Thanks for the feedback! Yes, IMO it would make more sense for the Gramps serialization functions to use the XML string; especially if this is still planned as a means to store the serialized objects in the database to replace the current pickled format. Otherwise, the types in a database would not be recognized anymore if a user changes their locale. I would be happy to submit a PR to change it.

I checked which addons use the serialization functions:

In the last two cases (@prculley please confirm) they are only used to compare two objects, so whether the type name is localized or not shouldn't make a difference as long as both objects are serialized with the same convention (which is the case).

Even if we change this in Gramps, for the sync tool I might have to go with hard-coding the exceptions for the time being as the change won't land until Gramp 5.2 I guess.

prculley commented 2 years ago

The object.get_schema (JSON) is used in the database differences report (and import/merge tool) to provide user readable names to the various objects. Doug Blank created the database differences report, and I leveraged his thinking in making the import/merge.

So I think there is a use for translated object titles. But I can see why for general JSON export (and eventual JSON db use) we should use untranslated XML style strings.

If the JSON is not supposed to be user readable in all languages, is there a way to extend the get_schema with translated strings a well? Perhaps add a xmltitle tag? Or mark these as late translate so they are not translated in the get_schema return, but can be translated for reports, and left untranslated for other purposes?

Just thoughts...

jralls commented 2 years ago

Or mark these as late translate so they are not translated in the get_schema return, but can be translated for reports, and left untranslated for other purposes?

That's the correct approach.

DavidMStraub commented 2 years ago

@prculley I think you are referring to the to_struct method, right? get_schema doesn't contain the values, only the types.

Or mark these as late translate so they are not translated in the get_schema return, but can be translated for reports, and left untranslated for other purposes?

That's the correct approach.

Yes, that makes sense, however it will be complicated by the differences between the XML string and the translation message for the exceptions I listed above. Due to these exceptions, we can't just do

s = gramps_type_instance.xml_str()
s_trans = _(s)  # will not work in general

but would have to do something like

s = gramps_type_instance.xml_str()
s_trans =  gramps_type_instance._I2SMAP[gramps_type_instance._E2IMAP[s]]

and this will only work for translating to the default locale. Translating to another locale is still not possible without hard-coding the exceptions.

The cleanest solution would be to get rid of the exceptions. Changing the XML strings is not an option as it would break Gramps XML backward compatibility. Changing the translation messages would require changing all language files, but I don't see any other issue.
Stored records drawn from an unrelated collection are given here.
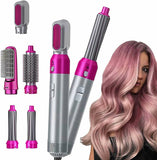 Hair Dryer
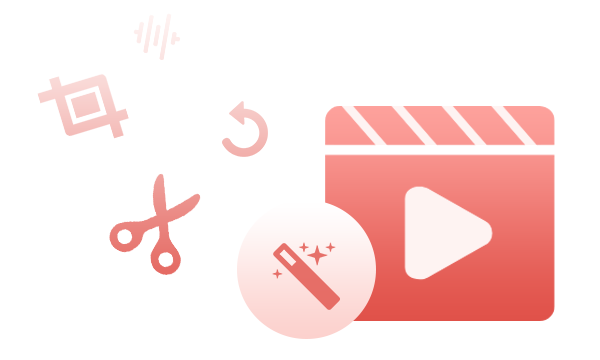 free video editor to clip and crop video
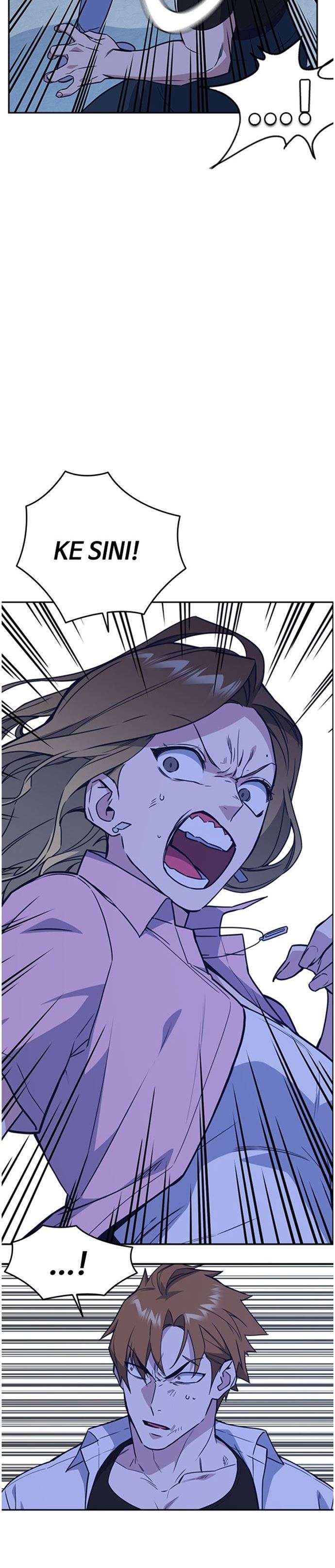 Kenkyu Gurupu chapter 110 halaman 12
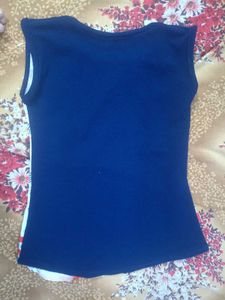 Girls' Tops Set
jralls commented 2 years ago

All of the DATAMAPs should be changed from _(foo) to N_(foo) and functions that use _I2SMAP should take a GrampsLocale argument so that they can be translated into an arbitrary locale, as is necessary for correct use in reports.

I think that would allow keeping the more human-friendly presentation strings without any new special casing or messing up translators.

DavidMStraub commented 2 years ago

Interesting! Is this N_ used anywhere in the current Gramps code base?

jralls commented 2 years ago

Yes though it's always spelled out as ngettext. N_ is an alias usually associated with it as _ is with gettext. Up to now it's been used sparingly in Gramps. When I redid the localization several years ago I didn't bother creating the alias because it occurs only once or twice in each file where it's used. It will be used a lot in the DATAMAP definitions making defining the alias worthwhile.

DavidMStraub commented 2 years ago

I will close this as the sync addon is in development and there is nothing to do in web API at this time.